[Start of section]

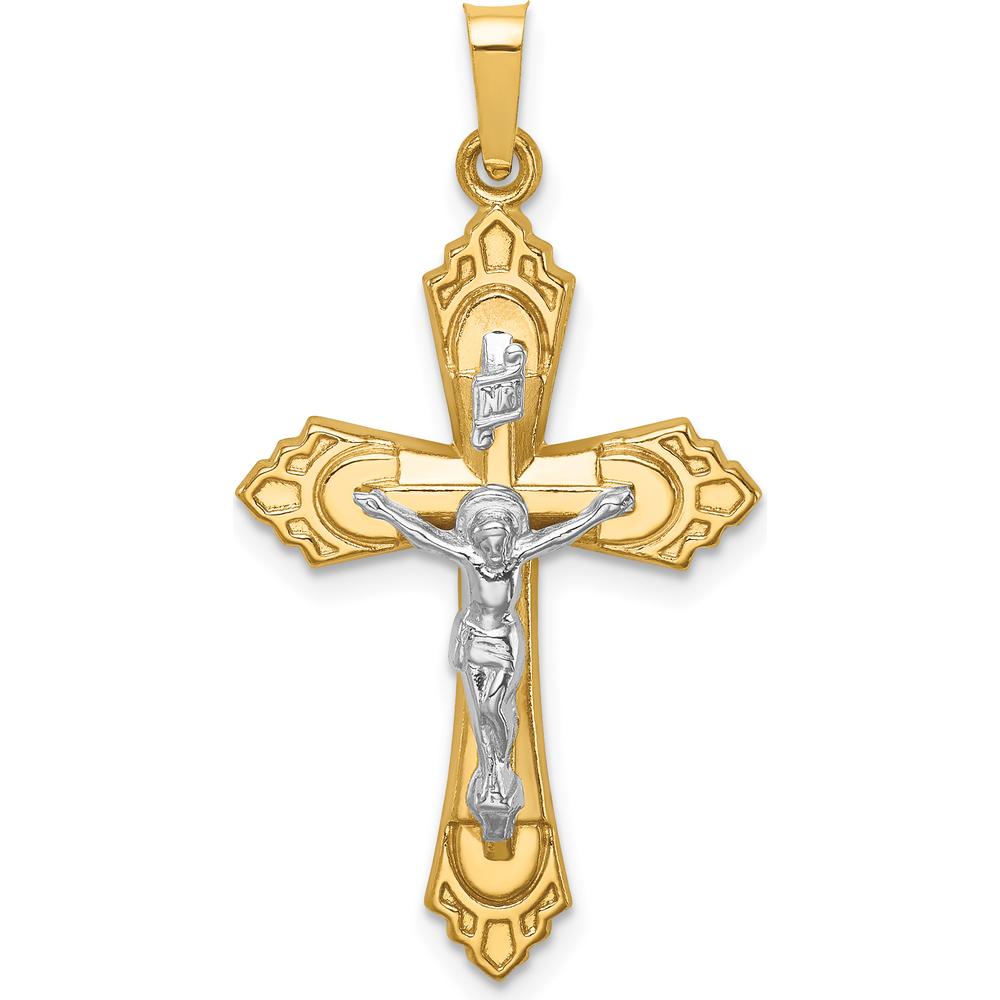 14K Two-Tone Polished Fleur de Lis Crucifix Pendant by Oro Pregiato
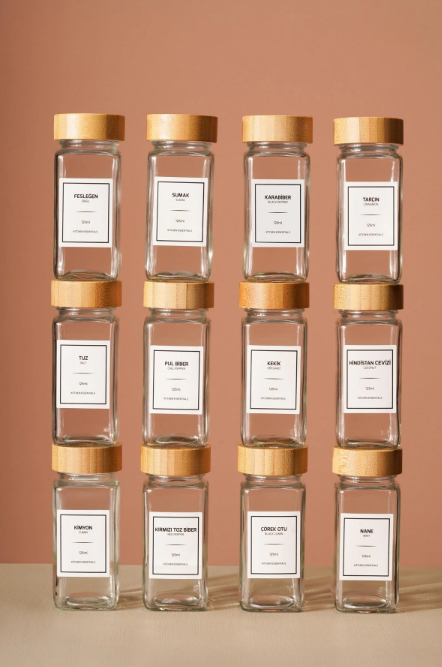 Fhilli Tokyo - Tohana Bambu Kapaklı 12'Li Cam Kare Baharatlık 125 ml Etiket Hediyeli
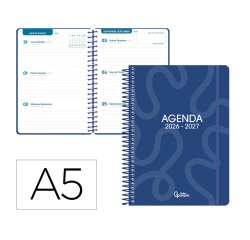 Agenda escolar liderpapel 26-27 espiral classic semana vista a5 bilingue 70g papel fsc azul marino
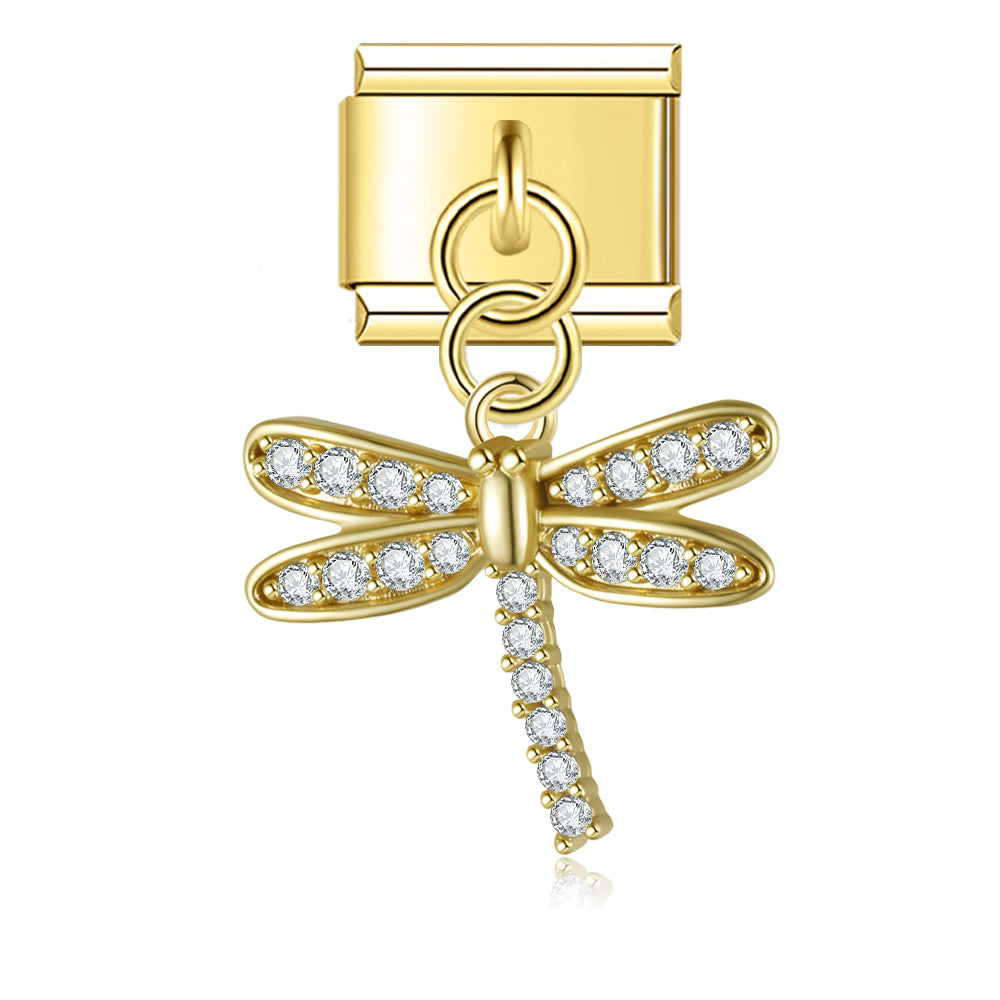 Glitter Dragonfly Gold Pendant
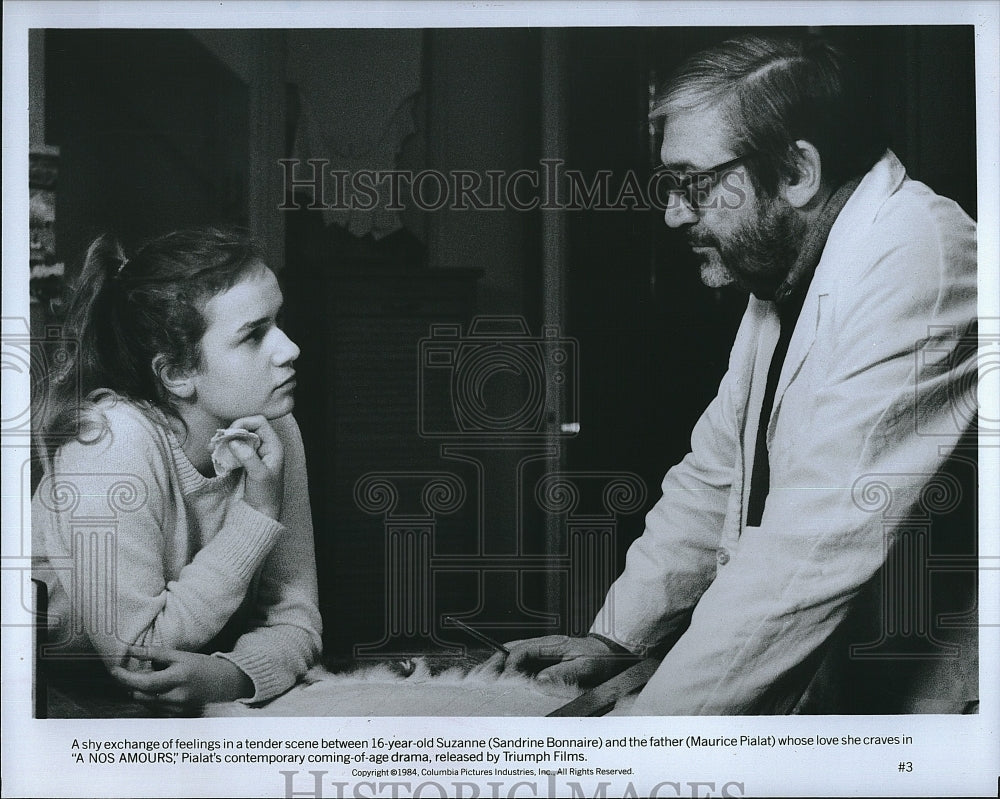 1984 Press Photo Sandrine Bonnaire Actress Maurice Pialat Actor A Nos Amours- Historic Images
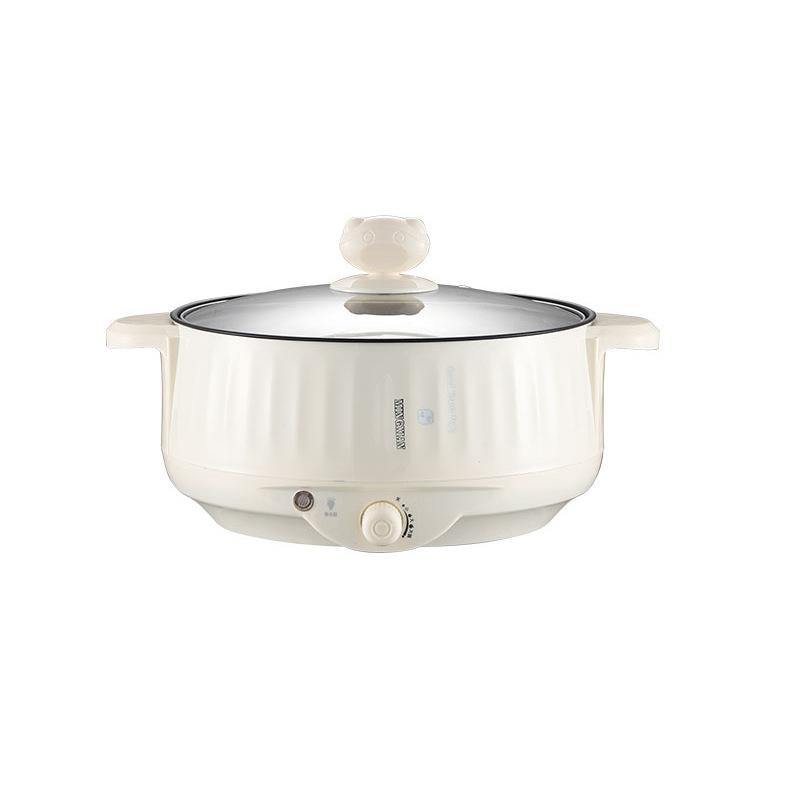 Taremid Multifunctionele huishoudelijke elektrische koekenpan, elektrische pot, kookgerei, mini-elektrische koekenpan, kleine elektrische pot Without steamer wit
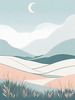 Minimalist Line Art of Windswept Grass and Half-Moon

[End of section]

- **Task to carry out**
Leave every image out, and retype the material exactly.

- **Task result**
 14K Two-Tone Polished Fleur de Lis Crucifix Pendant by Oro Pregiato
 Fhilli Tokyo - Tohana Bambu Kapaklı 12'Li Cam Kare Baharatlık 125 ml Etiket Hediyeli
 Agenda escolar liderpapel 26-27 espiral classic semana vista a5 bilingue 70g papel fsc azul marino
 Glitter Dragonfly Gold Pendant
 1984 Press Photo Sandrine Bonnaire Actress Maurice Pialat Actor A Nos Amours- Historic Images
 Taremid Multifunctionele huishoudelijke elektrische koekenpan, elektrische pot, kookgerei, mini-elektrische koekenpan, kleine elektrische pot Without steamer wit
 Minimalist Line Art of Windswept Grass and Half-Moon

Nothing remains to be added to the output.